**WORK ITEM:** Would you return the listing that follows exactly, leaving its pictures behind?
============================================================
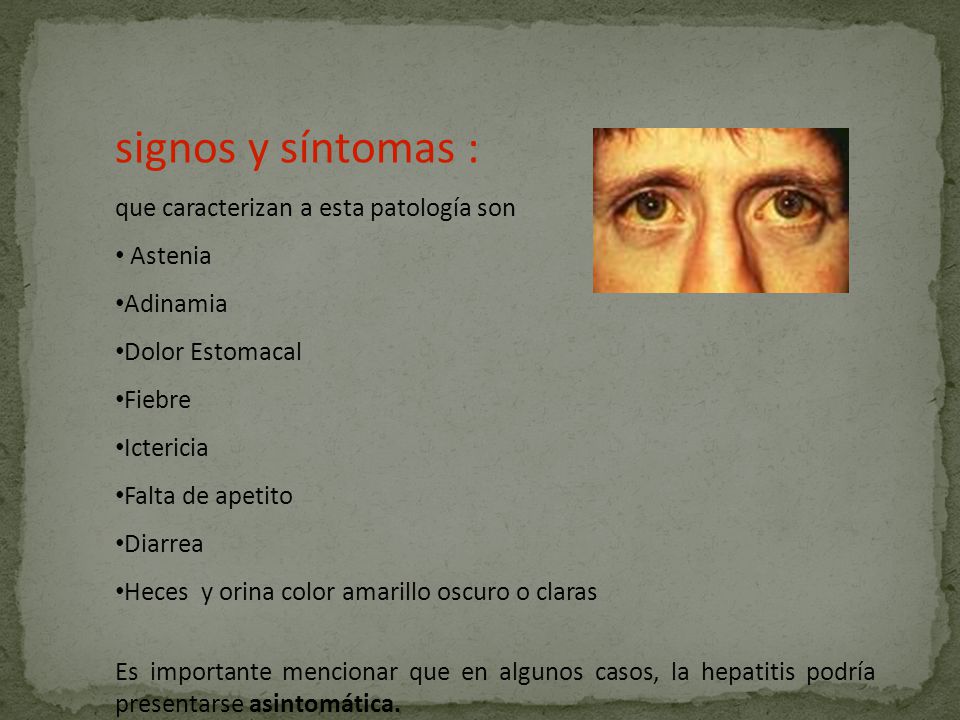 signos y síntomas : que caracterizan a esta patología son Astenia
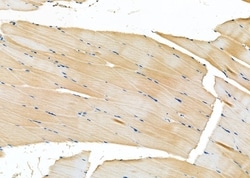 Invitrogen HSD3B2 Polyclonal Antibody 100 &mu;L | Buy Online | Invitrogen&trade; | Fisher Scientific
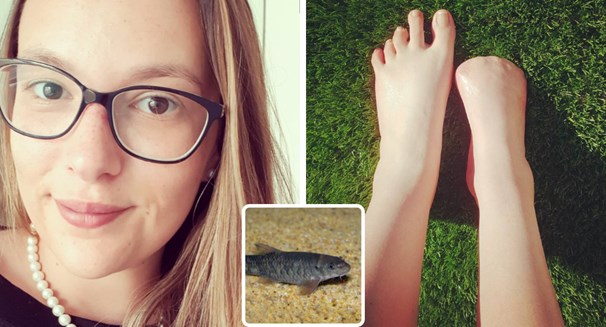 Mulher perde dedos do pé após pedicure com peixes
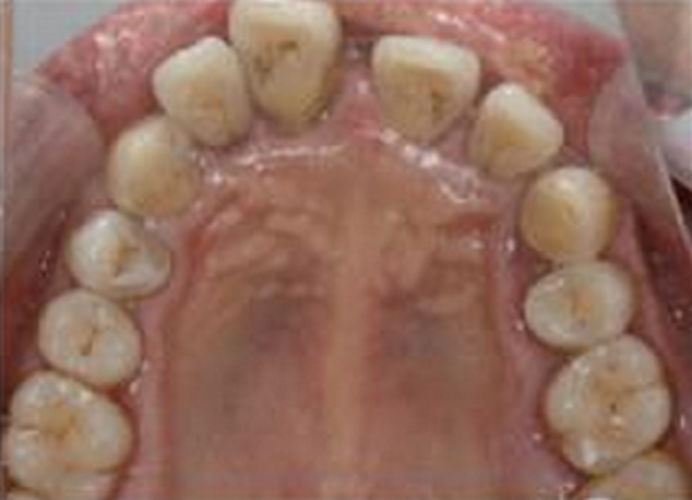 慢性牙周炎表征图片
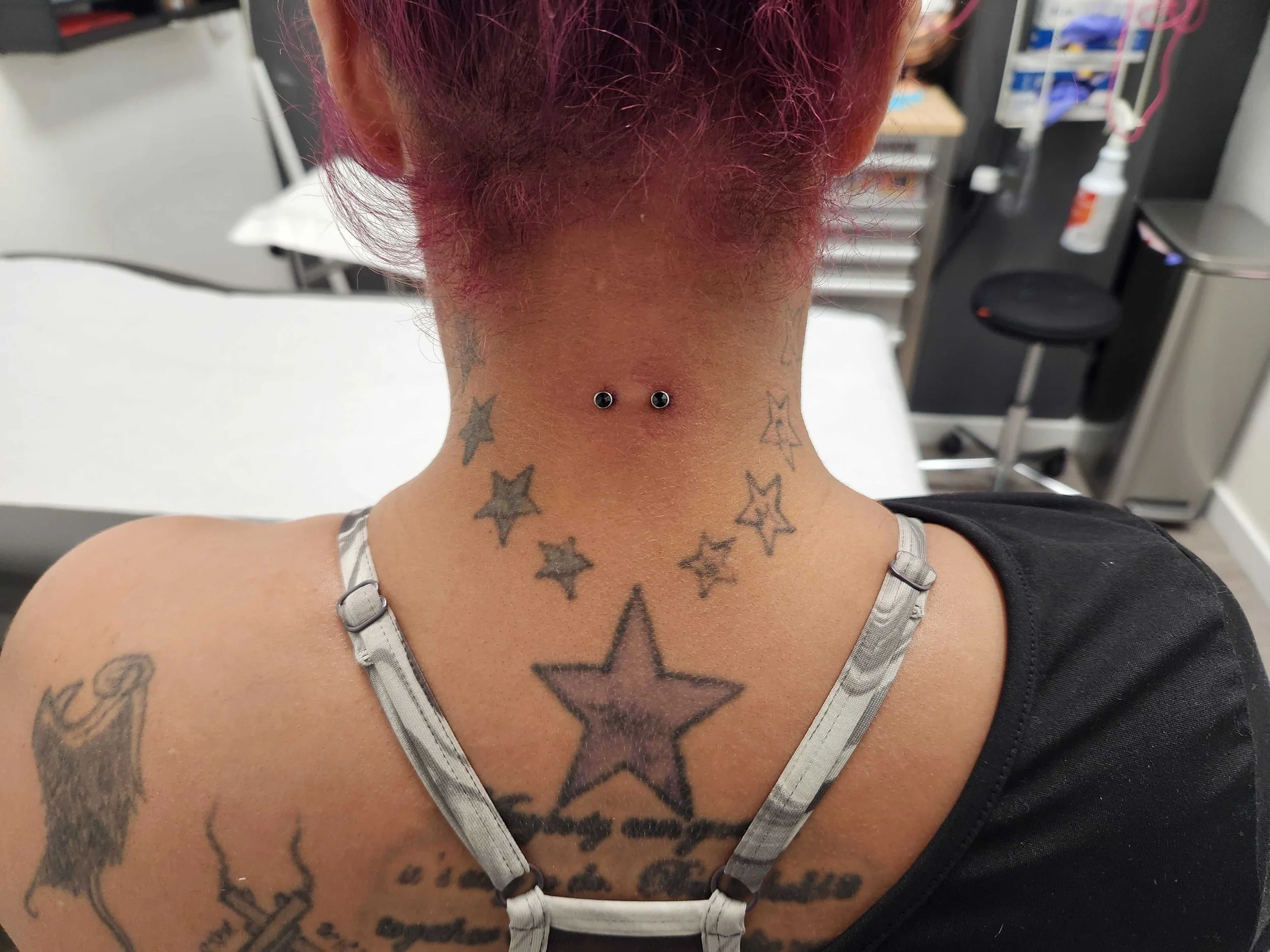 Person showing neck tattoos of stars and text, with a dermal piercing on the back of the neck, in a clinical or studio setting.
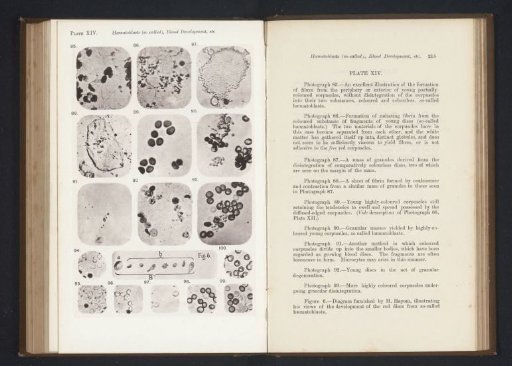 Eleven enlargements of red blood cells and fibrin, and a diagram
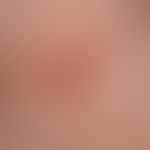 Gingivostomatitis herpetica: Herpesbläschen im Halsbereich
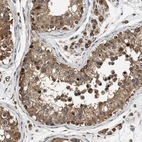 Immunohistochemical staining of human testis shows strong cytoplasm positivity in cells in seminiferous ducts.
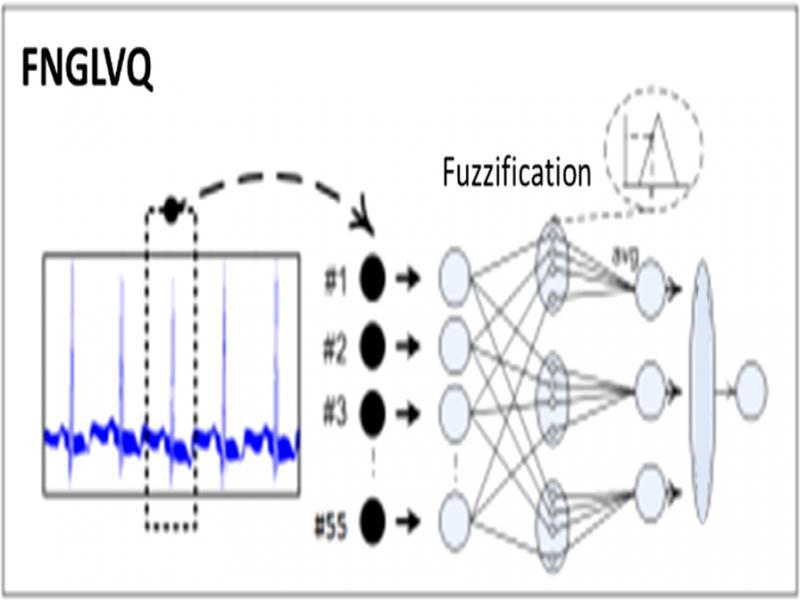 FNGLVQ architecture (Setiawan et al., 2011).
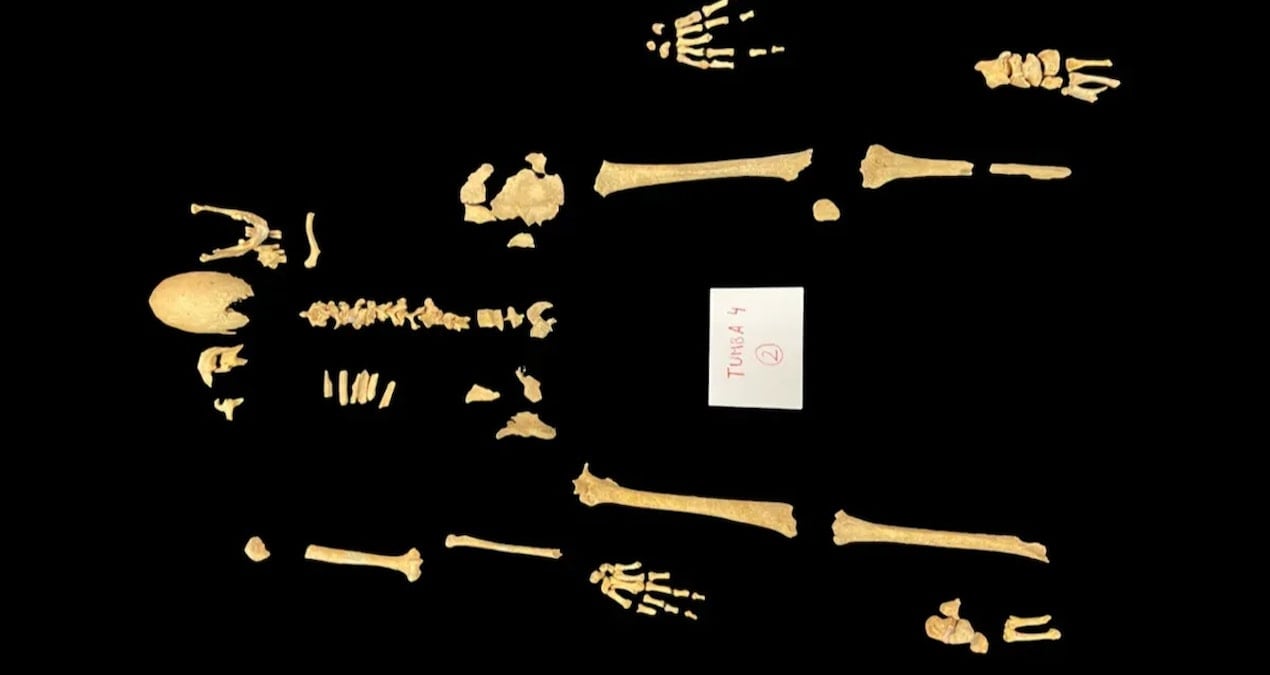 Uzun ve dar kafatası bulunan iskelet ortalığı karıştırdı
============================================================
**RESULT FOR THIS TASK:**
 signos y síntomas : que caracterizan a esta patología son Astenia
 Invitrogen HSD3B2 Polyclonal Antibody 100 &mu;L | Buy Online | Invitrogen&trade; | Fisher Scientific
 Mulher perde dedos do pé após pedicure com peixes
 慢性牙周炎表征图片
 Person showing neck tattoos of stars and text, with a dermal piercing on the back of the neck, in a clinical or studio setting.
 Eleven enlargements of red blood cells and fibrin, and a diagram
 Gingivostomatitis herpetica: Herpesbläschen im Halsbereich
 Immunohistochemical staining of human testis shows strong cytoplasm positivity in cells in seminiferous ducts.
 FNGLVQ architecture (Setiawan et al., 2011).
 Uzun ve dar kafatası bulunan iskelet ortalığı karıştırdı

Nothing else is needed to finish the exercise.